-- TASK --
Set down the full listing below word for word; pictures stay out of the copy.

*** THE DATA ***

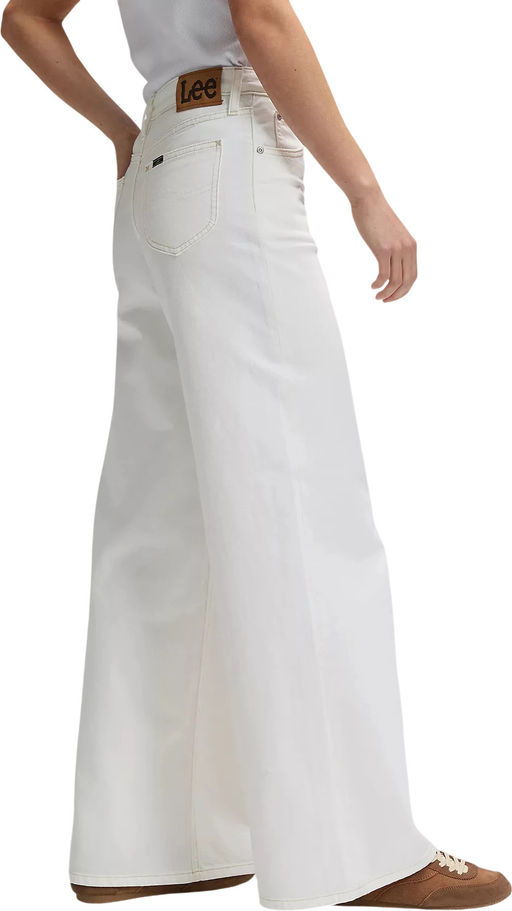 Джинсы женские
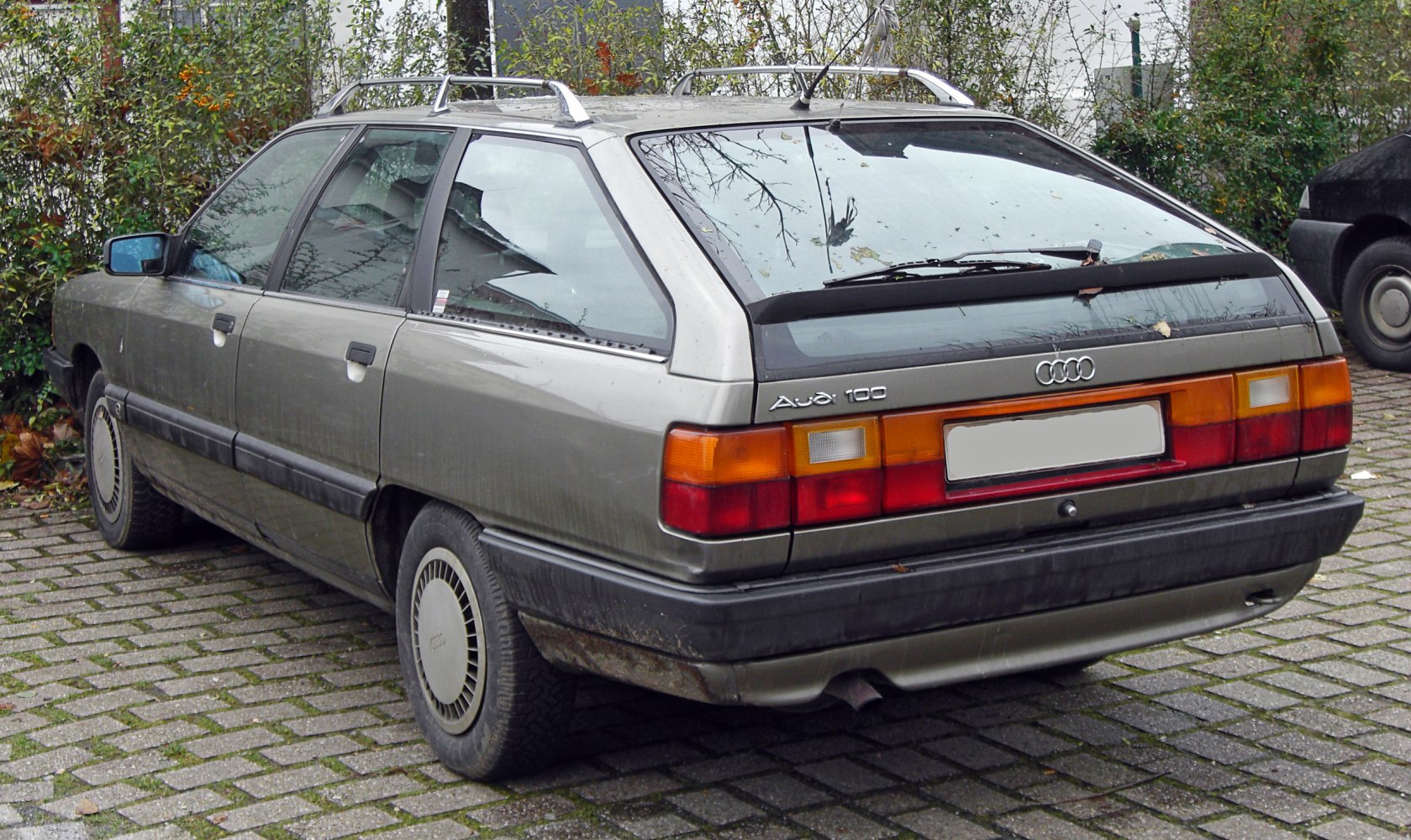 Audi 100 2.0 CAT (113 Hp)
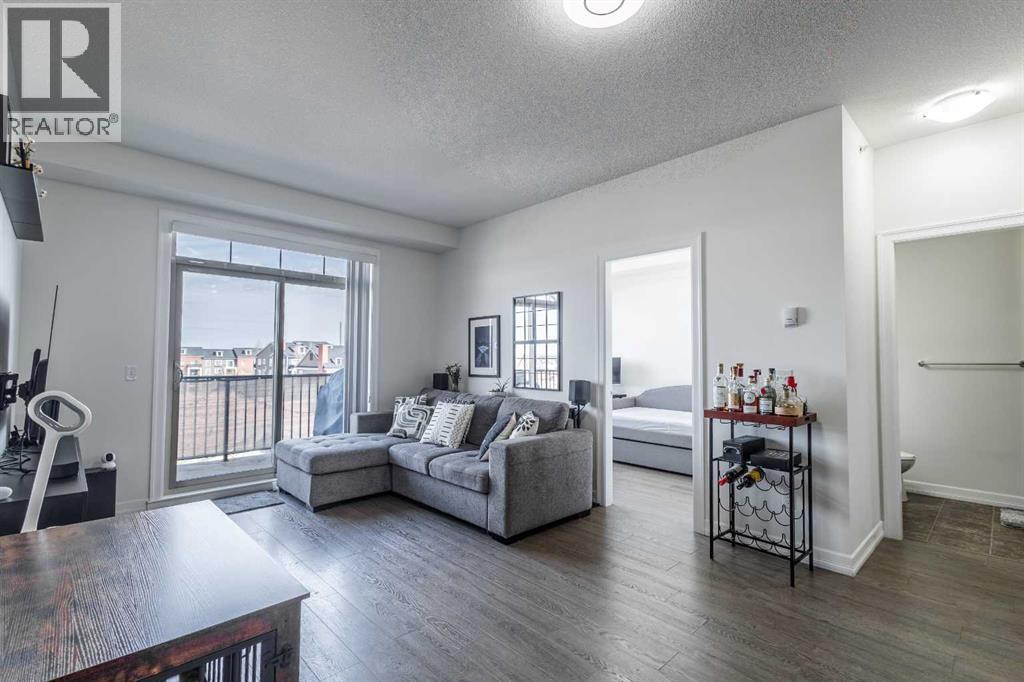 403, 117 Copperpond Common Se, Calgary, Alberta  T2Z 5E2 - Photo 8 - A2309558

*** End of THE DATA ***

-- WRITTEN RESPONSE --
 Джинсы женские
 Audi 100 2.0 CAT (113 Hp)
 403, 117 Copperpond Common Se, Calgary, Alberta  T2Z 5E2 - Photo 8 - A2309558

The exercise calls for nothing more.